全国高校ラグビー大会で82大会ぶりに出場し、歴史的1勝を挙げ話題となった早実(東京)が全国選抜大会出場という新たな歴史を作った。

相手は神奈川準Vの慶応。大学ラグビーでは伝統とされる「早慶戦」が高校でも実現した。普段練習試合では対戦の経験があるというが、大谷寛監督(41)が就任してからは公式戦では初対決。「勝てば選抜大会、そして早慶戦となれば負けたくないというのがあった」と話した通り、息詰まる熱戦となった。

前半はフッカー立木優成(1年)の2トライなど7点リードで折り返すも後半7分に同点に追いつかれてからは防戦一方だった。慶応のモール攻撃に苦しめられ、自陣でのプレーがほとんどだった。
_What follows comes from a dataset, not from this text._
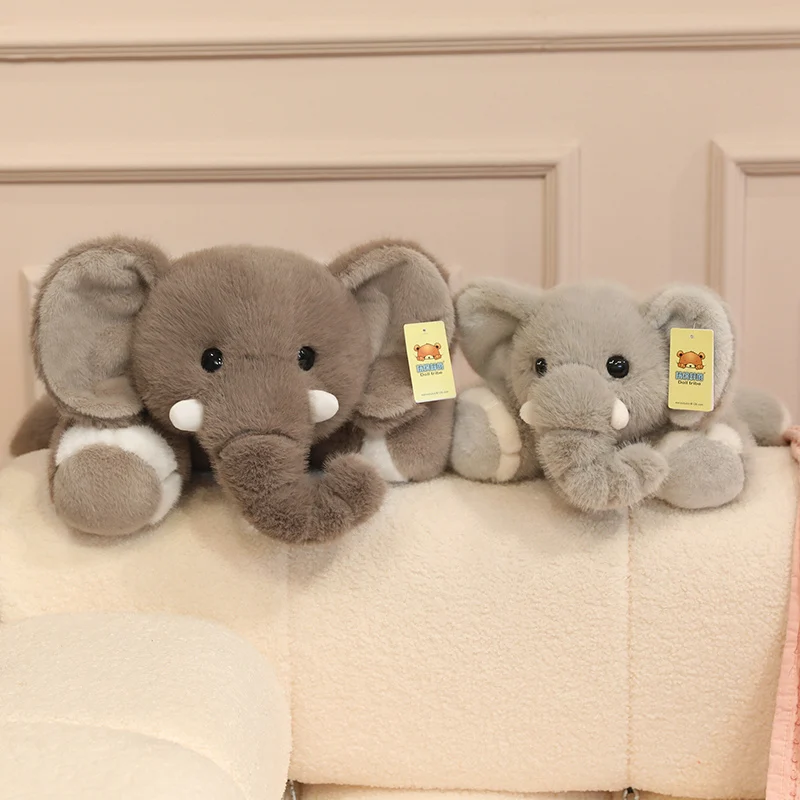 Muñeco de peluche gris marrón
それでも前日の茗溪学園(茨城)戦同様に相手の攻撃をしのぎ切り、29分に相手の反則を得た。微妙な時間だったが選手はPGを選択。大谷監督は「まだちょっと時間が残っているかなと思ったが、自分たちで決めたなら」と選手の判断に任せた。その後もプレーは続いたが、最後まで集中力を切らさずフィジカル勝負を制して守り抜いた。

花園にも出場したフランカー細川大斗主将(2年)は「守りきれると思ってみんなでPGを選択した。都の予選から守備は試合ごとに良くなってきている」と自信に満ちあふれた表情で語った。

新チームの主将に就任した細川は、先輩たちが成し遂げられなかった「花園で年越し」を目標にスタートした。大谷監督は初出場となったこの大会について「関東の強豪とたくさん試合ができたら」という思いだったが、細川は「必ず選抜大会に行って歴史をつくる」とチームを鼓舞してきた。

準決勝は16日、流通経大柏(千葉)と対戦する。花園の2回戦では53-0で大敗を喫した。大谷監督は「花園での経験が成長につながっている。現段階での最大限の力をぶつけてどこまで通用するか」と意気込みを語る。相良、小泉、今駒など個の技術の高い3年生がいなくなった。細川は「チームの雰囲気はいいので、周りを盛り上げてチーム全員で先輩たちのリベンジをしたい」と力強い。